◆ WORK TO BE COMPLETED
Beneath this line sits some data. Return only its lines from the one holding "Chico's Gold Metallic Embroidery Denim Jacket" through the one holding "长袖百搭小个子呢子外套", inclusive, exactly, with the images removed.

◆ RECORDS SUPPLIED
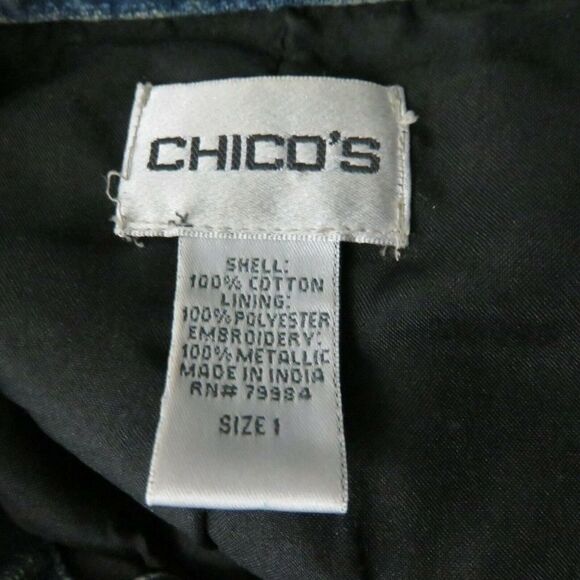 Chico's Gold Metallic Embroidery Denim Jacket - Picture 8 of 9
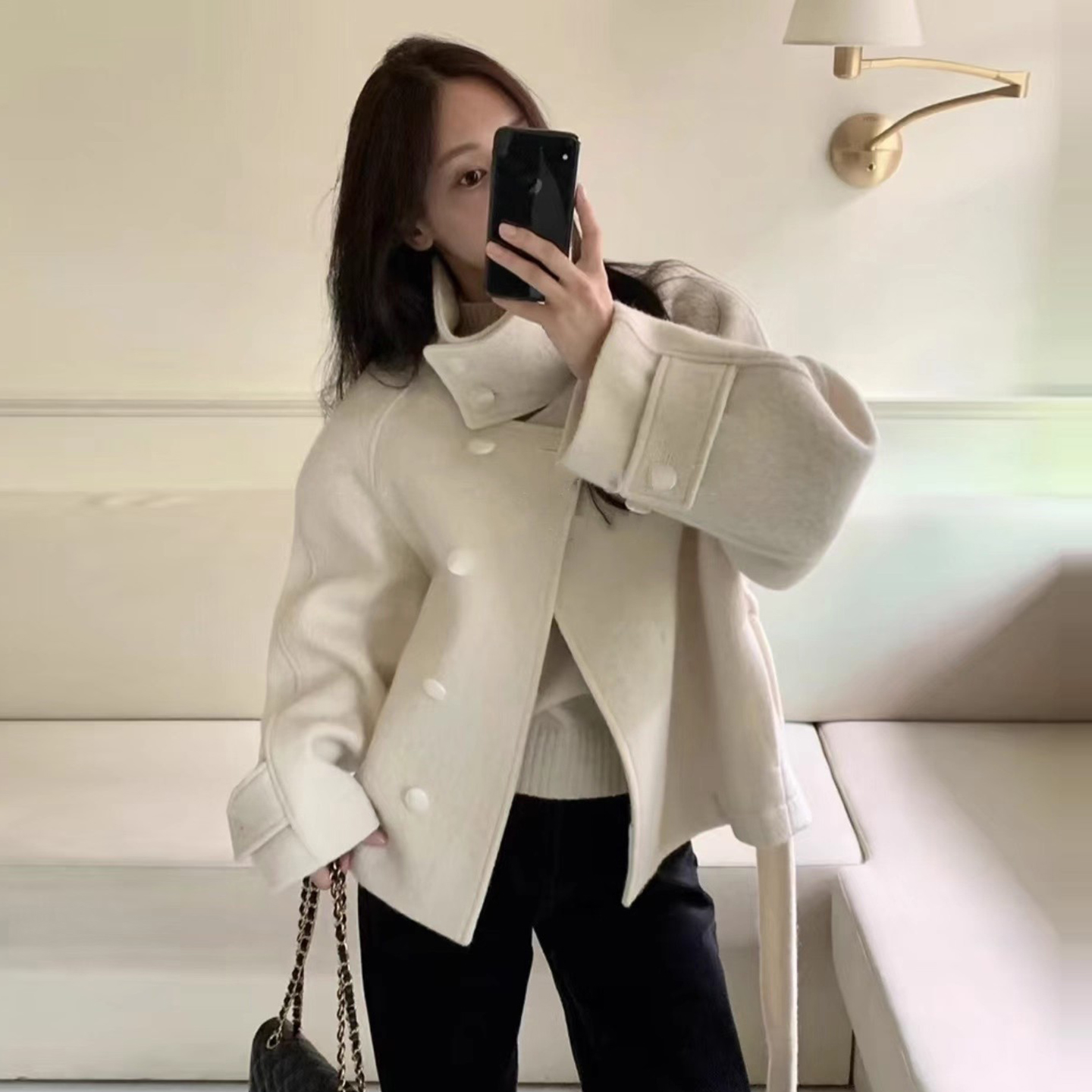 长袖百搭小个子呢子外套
* * *
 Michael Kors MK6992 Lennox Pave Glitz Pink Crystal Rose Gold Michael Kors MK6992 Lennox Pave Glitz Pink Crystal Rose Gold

◆ OUTPUT OF THE TASK
 Chico's Gold Metallic Embroidery Denim Jacket - Picture 8 of 9
 长袖百搭小个子呢子外套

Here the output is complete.